In the last ten years, at least 180 school shootings have taken place in the United States, resulting in at least 114 deaths. The erratic trend of school shootings through the years have been a cause of much speculation. Why, in 2012, did fatalities suddenly spike from three (the year prior) to 31? And what made 2018, with at least 37 school shooting fatalities, the worst year of the decade?
These are questions that Stephanie La Haye, an advanced grants specialist for the Wisconsin State Department of Justice, considers daily. La Haye has been working with Wisconsin Act 143 since its inception in 2017. The act, which was passed in response to the Stoneman Douglas High School shooting, allocated $100 million dollars for the purpose of school safety in the state.
In the 2015-16 school year, 95% of public and private schools in the United States participated in some kind of lockdown drill procedure. However, drill protocols can vary widely.

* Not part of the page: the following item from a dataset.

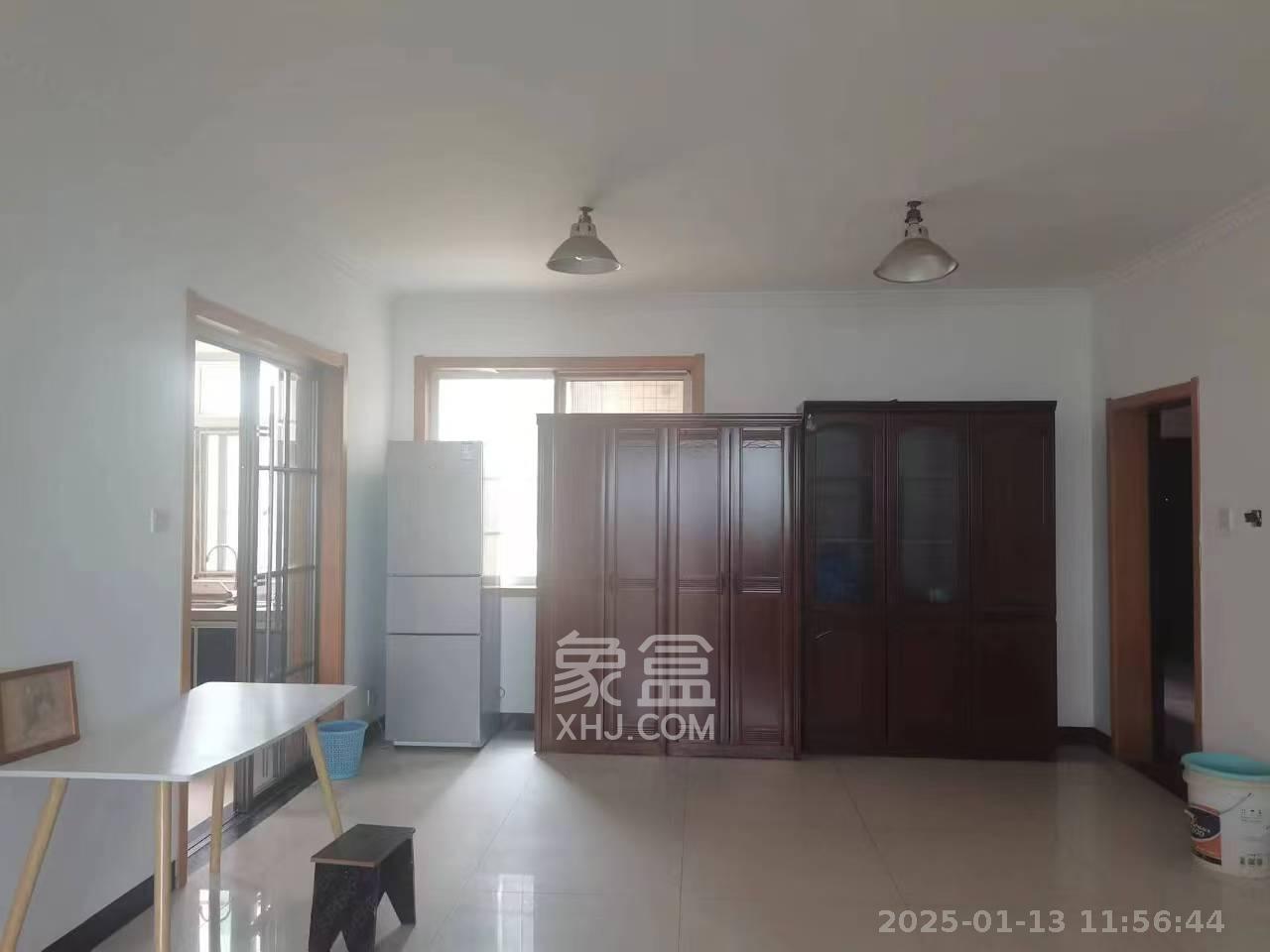 麓谷加州阳光  3室2厅2卫    2800.0元/月室内图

Most schools opt for conversational classroom discussions outlining run-hide-barricade procedures. On the other hand, some schools have actually hired private organizations to enter their building wearing masks and carrying weapons to simulate an active shooter emergency.
In one instance last year, a high school in Florida issued a “code red” emergency over the PA, announcing the presence of an active shooter. Only when students began calling their parents, and parents likewise calling the police, did the school make any mention of the event as a drill. For obvious reasons, active shooter simulations are psychologically damaging to those involved, and have been contested by teacher unions across the nation.

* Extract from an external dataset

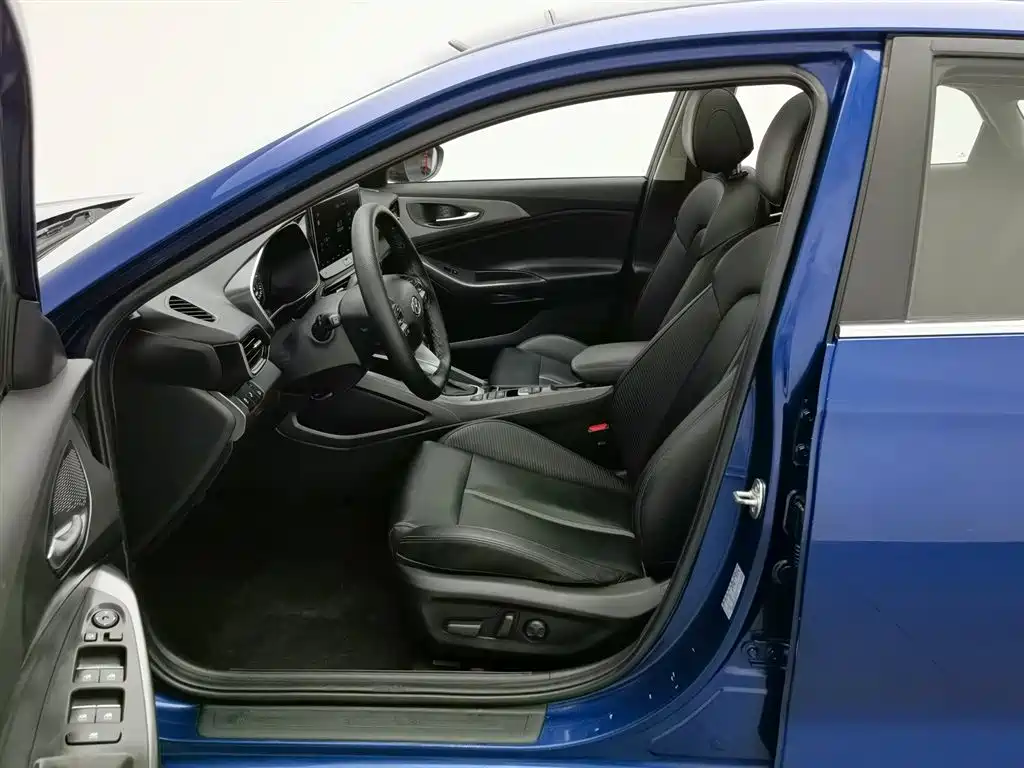Hyundai Fista 2018 — фото 10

Of course, there are certain infrastructural precautions schools can take, including drills and protective equipment. But at the end of the day, professionals agree that the most effective way to address school shootings is at the root.
La Haye suggests that schools take a safety approach based on ‘trauma-informed care,’ a philosophy which advocates for children exposed to violence at an early age. The programs she proposes prioritize staff training programs, in-school counseling and extended mental health resources.
One program she is particularly excited about is the implementation of a state-wide anonymous tip-line. The U.S. Secret Service and Department of Education studied incidents from 2008 to 2017 and found that 100% of perpetrators displayed concerning behavior prior to the incident, and that in 77% of cases, at least one peer or family member suspected imminent violence.
The U.S. Department of Education’s data from the 2015-16 school year found that roughly 67% of schools employ a psychologist, and only 46% had a social worker. Schools with higher minority populations have even fewer resources, and most school counselors in the country manage nearly 400 students. These numbers probably don’t reflect a lack of care or understanding that student mental health resources are essential but, more likely, a lack of funding.
As a result, most schools simply do not have the capacity to offer preemptive, long-term student care and instead focus on reactionary crisis management. Those circumstances don’t bear well for students. Even though most teachers have a complex understanding of each student’s nuanced behaviors, they simply cannot provide the depth of care some students need.
With any luck, students will be returning to class next fall, and mental health resources will be more essential than ever. The safety of the environment they return to depends entirely on what preventative actions schools take now.